From chapter 6 onwards we begin a long set of chapters that appear to be a catalogue of grumps and gripes. The phrase “whingeing Pom” came to mind more than once. I don’t mind forthright or controversial, pointed, or barbed. I am a linguist is none of that. It’s not a “no-holds-barred” or controversial account of momentous events. It reads more like a vindictive, small-minded and naive checklist of grievances compiled over 30 years. Controversial, pointed and barbed would have been entertaining.
I won’t have the patience to chronicle it all, so let me stick to three things that particularly stand out.

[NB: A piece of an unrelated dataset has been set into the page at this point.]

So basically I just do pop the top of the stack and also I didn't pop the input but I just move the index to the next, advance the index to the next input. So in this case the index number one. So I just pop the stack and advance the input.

1. Factual errors: The IRB discussion is just wrong. The author seems unaware that there are standards in place for documenting permission from speakers who do not read and write. I see nothing wrong with getting permission from a community to work on a language – it is, after all, their language. Ethics approval can help the linguist. There’s been plenty written on this topic, and you can see some discussion at lsaethics.wordpress.com. There are some further sins by omission. I guess one could say that the reviews of Rise and Fall of Languages were all positive (except for one), but there has been a certain amount of engagement with the ideas in that book and how difficult they are to apply to Australia (as well as elsewhere). In a recent Anthropological Linguistics issue, the author published an account of diffusion in the Cairns Rainforest Region, as though nothing at all had happened in Australian linguistics since 1997.

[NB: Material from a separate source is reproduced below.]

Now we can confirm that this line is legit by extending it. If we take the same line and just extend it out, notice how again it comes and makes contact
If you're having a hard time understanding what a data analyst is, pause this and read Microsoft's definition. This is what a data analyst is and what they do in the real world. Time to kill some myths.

2. Overgeneralisation: the chapter entitled “the delegate from Tasmania” is full of homogenization of Aboriginal culture. For example, there’s no sense that land tenure systems vary (they do), or that kinship systems vary (p 247); we’re told that they are ‘algorithmic’ and ‘intricate’, which is true, but they’re also different in different areas. Then we get a very simplistic picture of race relations. “A white intruder typically took an Aboriginal girl as a concubine.” There were all sorts of relations, from rape to marriage with mutual respect (though with the former being rather more common than the latter, but the former also doesn’t come under what I’d define as a ‘concubine’ relationship). There were also ‘white intruders’ who were ambivalent about being there, who were very troubled by what was happening and who were scared in equal measure between the thugs they were working with and the locals who wanted them dead.

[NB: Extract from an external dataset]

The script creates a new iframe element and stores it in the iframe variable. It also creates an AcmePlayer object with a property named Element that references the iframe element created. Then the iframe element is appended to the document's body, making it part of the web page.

3. Inconsistency: I can’t think of any other word for it. What do you call it if within a page one reads “Not to mince words, the Jewish religion seems pretty wacky. Then Christianity takes all that and adds a further veneer… Then the Moslem religion provides further thatch to this house of fantasy… [1 paragraph] But I do respect other people’s belief.” (pp. 294-5).
There are other examples. One that comes to mind is the complaints about post-docs, which ring a little hollow when one has just read about how the author cheerfully did nothing he was supposed to during his own postdoc in Edinburgh.